Abstract
Aim: The molecular mechanism of the unique interaction between platelet membrane glycoprotein Ibα (GPIbα) and von Willebrand Factor (VWF), necessary for platelet adhesion under high shear stress, is yet to be clarified.
Methods: The molecular dynamics simulation using NAMD (Nanoscale Molecular Dynamics) package with the CHARMM 22 (Chemistry at Harvard Macromolecular Mechanics) force field were used to predict dynamic structural changes occurring in the binding site of A1 domain of VWF and N terminus domain of GPIbα under water soluble condition.

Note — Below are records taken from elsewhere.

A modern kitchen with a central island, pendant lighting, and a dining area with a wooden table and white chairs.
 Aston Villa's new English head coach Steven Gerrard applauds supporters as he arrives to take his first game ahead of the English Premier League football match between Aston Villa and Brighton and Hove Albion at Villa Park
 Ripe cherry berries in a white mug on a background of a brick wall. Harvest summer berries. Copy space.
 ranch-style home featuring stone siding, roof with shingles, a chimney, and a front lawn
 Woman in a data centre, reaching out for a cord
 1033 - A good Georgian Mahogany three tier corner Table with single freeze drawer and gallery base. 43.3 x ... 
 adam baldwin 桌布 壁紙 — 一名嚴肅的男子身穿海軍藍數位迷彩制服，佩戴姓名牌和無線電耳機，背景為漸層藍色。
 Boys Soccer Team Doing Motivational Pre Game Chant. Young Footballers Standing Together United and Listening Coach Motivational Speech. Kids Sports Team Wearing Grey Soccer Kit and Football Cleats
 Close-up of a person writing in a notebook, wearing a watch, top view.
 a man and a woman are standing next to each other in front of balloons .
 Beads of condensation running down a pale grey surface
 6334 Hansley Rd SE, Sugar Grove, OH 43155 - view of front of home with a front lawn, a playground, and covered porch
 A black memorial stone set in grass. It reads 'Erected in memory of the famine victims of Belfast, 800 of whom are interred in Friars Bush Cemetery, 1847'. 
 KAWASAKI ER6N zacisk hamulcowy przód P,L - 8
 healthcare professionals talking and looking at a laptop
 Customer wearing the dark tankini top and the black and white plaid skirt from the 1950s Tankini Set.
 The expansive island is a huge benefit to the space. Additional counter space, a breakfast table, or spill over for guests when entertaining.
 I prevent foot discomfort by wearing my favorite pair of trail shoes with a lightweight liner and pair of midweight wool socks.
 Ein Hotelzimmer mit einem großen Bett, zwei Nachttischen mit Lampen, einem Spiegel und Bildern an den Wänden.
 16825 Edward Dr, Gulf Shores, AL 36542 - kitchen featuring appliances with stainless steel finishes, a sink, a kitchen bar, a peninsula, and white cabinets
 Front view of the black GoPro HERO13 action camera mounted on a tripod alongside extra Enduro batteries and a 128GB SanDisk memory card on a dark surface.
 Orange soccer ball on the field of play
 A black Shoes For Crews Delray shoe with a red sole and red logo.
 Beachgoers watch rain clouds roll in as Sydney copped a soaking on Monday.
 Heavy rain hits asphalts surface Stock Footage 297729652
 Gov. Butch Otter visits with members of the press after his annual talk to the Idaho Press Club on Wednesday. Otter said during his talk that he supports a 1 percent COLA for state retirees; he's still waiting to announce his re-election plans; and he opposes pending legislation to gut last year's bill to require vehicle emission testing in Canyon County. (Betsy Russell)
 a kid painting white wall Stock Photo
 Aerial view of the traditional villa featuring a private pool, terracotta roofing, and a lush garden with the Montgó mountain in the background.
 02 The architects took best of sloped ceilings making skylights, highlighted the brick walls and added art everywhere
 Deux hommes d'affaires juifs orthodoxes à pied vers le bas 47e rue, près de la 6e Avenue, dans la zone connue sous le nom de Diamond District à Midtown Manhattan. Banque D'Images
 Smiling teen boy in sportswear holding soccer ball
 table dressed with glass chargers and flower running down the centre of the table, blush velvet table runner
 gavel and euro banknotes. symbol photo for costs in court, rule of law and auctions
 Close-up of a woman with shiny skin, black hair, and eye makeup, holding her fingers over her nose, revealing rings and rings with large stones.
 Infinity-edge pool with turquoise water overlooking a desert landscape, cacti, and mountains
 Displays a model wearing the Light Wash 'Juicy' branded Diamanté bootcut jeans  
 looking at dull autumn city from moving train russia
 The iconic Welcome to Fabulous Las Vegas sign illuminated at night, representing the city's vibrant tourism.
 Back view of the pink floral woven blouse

Results: The mean distance between the mass center of A1 domain of VWF and GPIbα in the stable form was predicted as 27.3 Å. The potential of mean force between the A1 domain of VWF and GPIbα were calculated in conditions of various distances of the mass center between them. All the calculated values were fitted to the Morse potential energy function curve. The maximum adhesive force between A1 domain of VWF and GPIbα was predicted as 62.3 pN by differentiating the potential of mean force with respect to the molecular distance.
Conclusions: The molecular dynamics simulation is useful for predicting the dynamic structure changes of protein bonds involved in platelet adhesion and for predicting the adhesive forces generated between their interactions.